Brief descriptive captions

----------

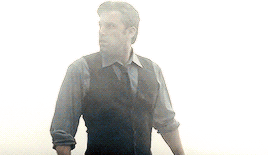 paintercrowes:Diana and Bruce parallels in DC films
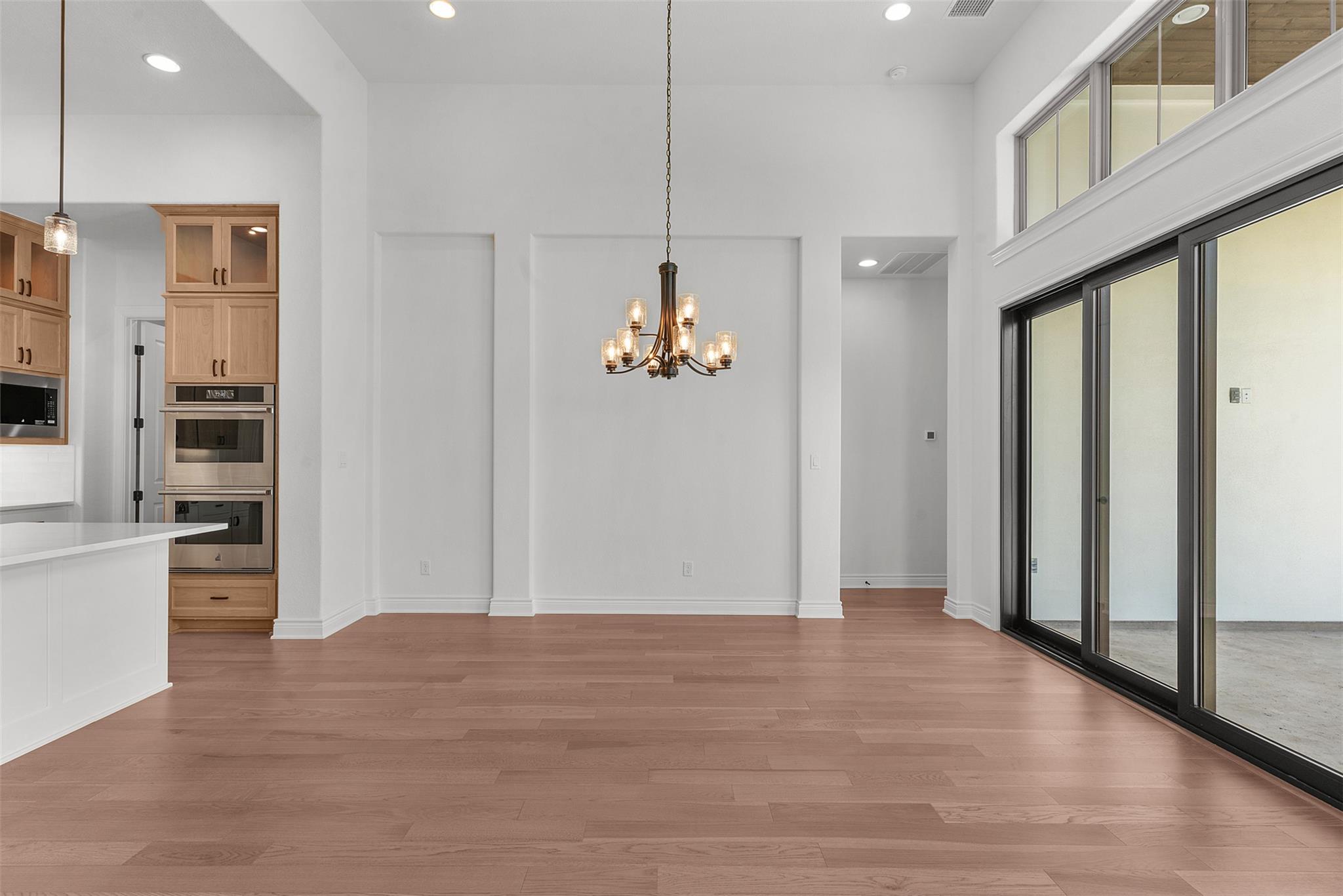 100 Sunny Bell Ct, Georgetown, TX 78628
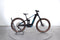 Cube Stereo Hybrid 140 HPC SLX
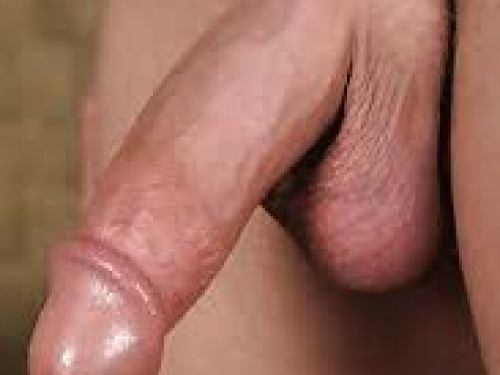 pirson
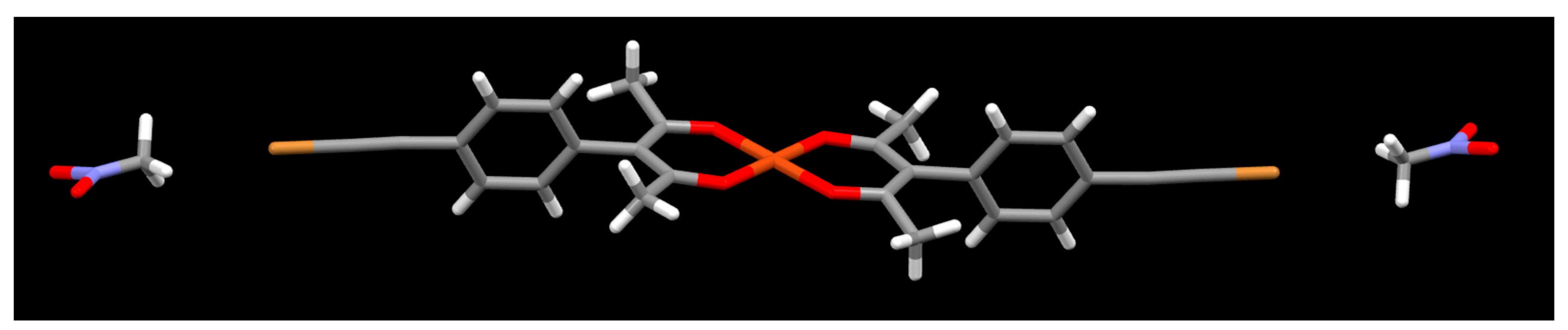 Crystals 07 00226 g010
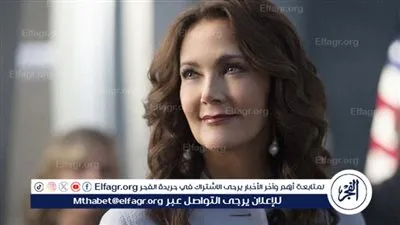 لن يكون هناك جزء ثالث من Wonder Woman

----------

▸ **What you will do**:
Give all the entries again exactly, dropping each picture.

▸ **Written answer**:
 paintercrowes:Diana and Bruce parallels in DC films
 100 Sunny Bell Ct, Georgetown, TX 78628
 Cube Stereo Hybrid 140 HPC SLX
 pirson
 Crystals 07 00226 g010
 لن يكون هناك جزء ثالث من Wonder Woman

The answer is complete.